===== Information given =====

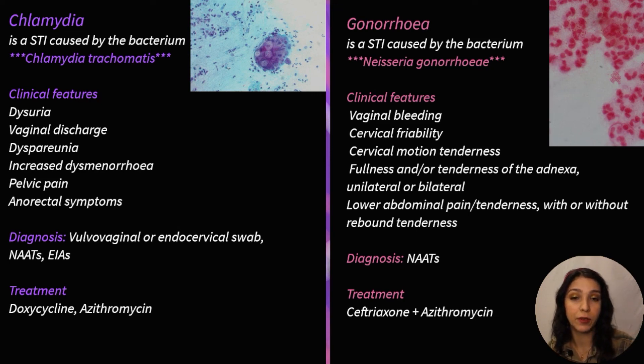Symptoms of gonorrhea include vaginal bleeding, cervical friability, cervical motion tenderness, fullness and tenderness of the adnexa (unilateral or bilateral), and lower abdominal pain with or without rebound tenderness. It can also affect the joints and skin.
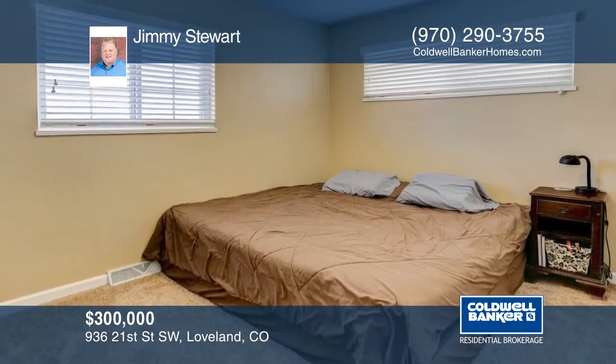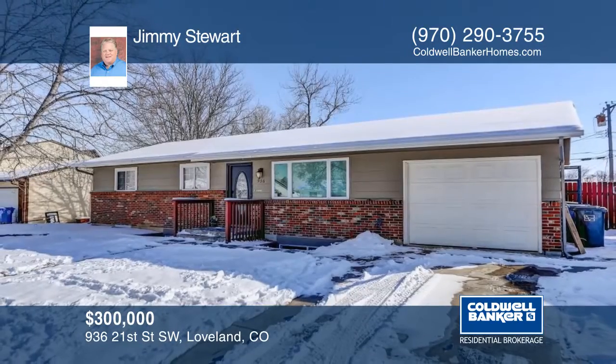This home has so much to offer and won't last long. Schedule your private tour with a call to Jimmy Stewart.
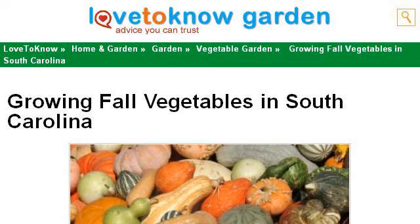You can also try garden.lovetoknow.com, especially the page 'Growing Fall Vegetables in South Carolina' from Love to Know Garden. Here's the link.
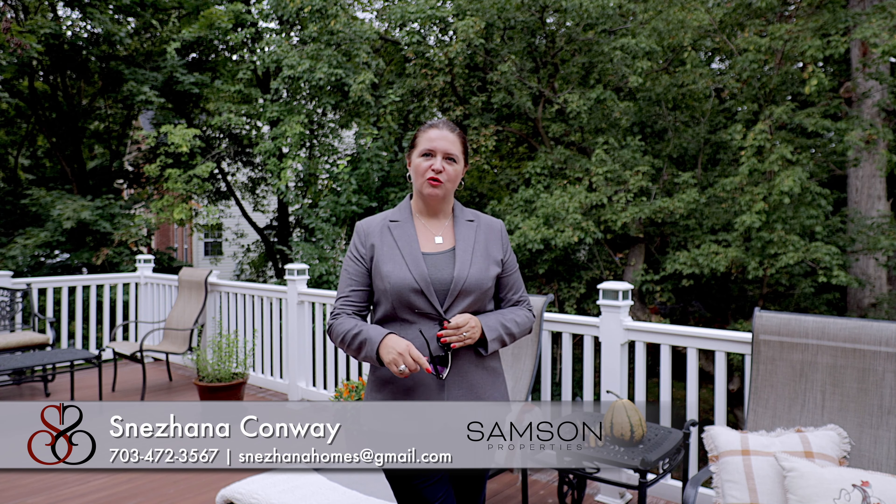Hello, welcome to 11116 West Avenue, Kensington, Maryland. I'm Snezhana Conway with Samson Properties, and I would like to welcome you into this beautiful property with four bedrooms, three and a half bathrooms, right 20 minutes away from the nation's capital. If you move in right here, you will enjoy suburbia with everything that Montgomery County has to offer. This is a gorgeous house and I would like you to take a tour with me.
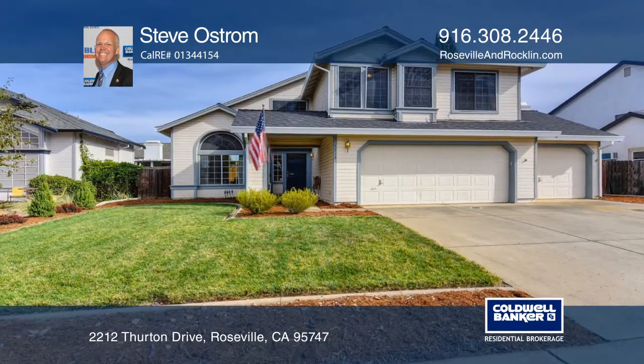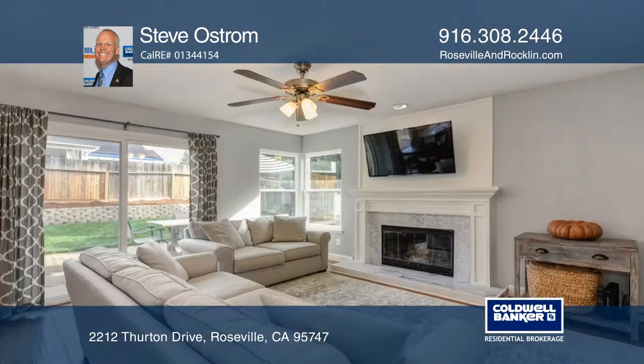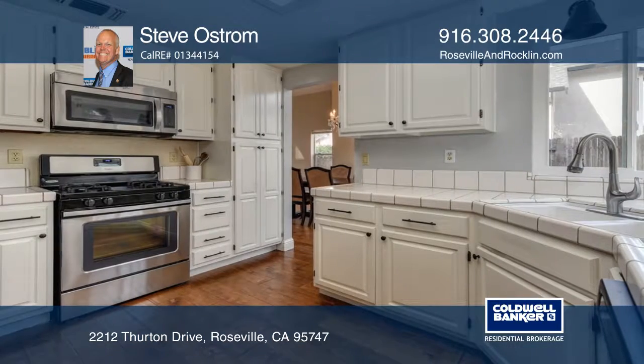This gorgeous home features many desirable and smart upgrades such as a cool roof and a whole house fan. We love the updated fireplace in the family room with a herringbone design and fresh feeling decor.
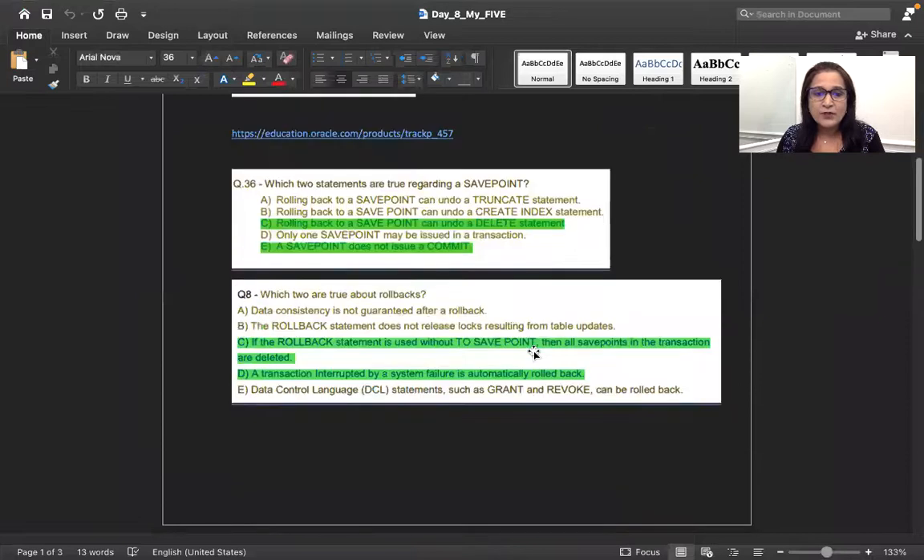The question over here is: which two statements are true regarding savepoint? If we want to think of savepoint, it is under the transaction control language — not DCL. DCL is grant and revoke, which are related to role and user access permissions. That is data control language because we are giving control or taking back control.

=====

What the task asks ▸
Reproduce, exactly and with no pictures, the lines from the line containing "Hello, welcome to" through the closing line of the data above, keeping both ends.

Reply ▸
Hello, welcome to 11116 West Avenue, Kensington, Maryland. I'm Snezhana Conway with Samson Properties, and I would like to welcome you into this beautiful property with four bedrooms, three and a half bathrooms, right 20 minutes away from the nation's capital. If you move in right here, you will enjoy suburbia with everything that Montgomery County has to offer. This is a gorgeous house and I would like you to take a tour with me.
This gorgeous home features many desirable and smart upgrades such as a cool roof and a whole house fan. We love the updated fireplace in the family room with a herringbone design and fresh feeling decor.
The question over here is: which two statements are true regarding savepoint? If we want to think of savepoint, it is under the transaction control language — not DCL. DCL is grant and revoke, which are related to role and user access permissions. That is data control language because we are giving control or taking back control.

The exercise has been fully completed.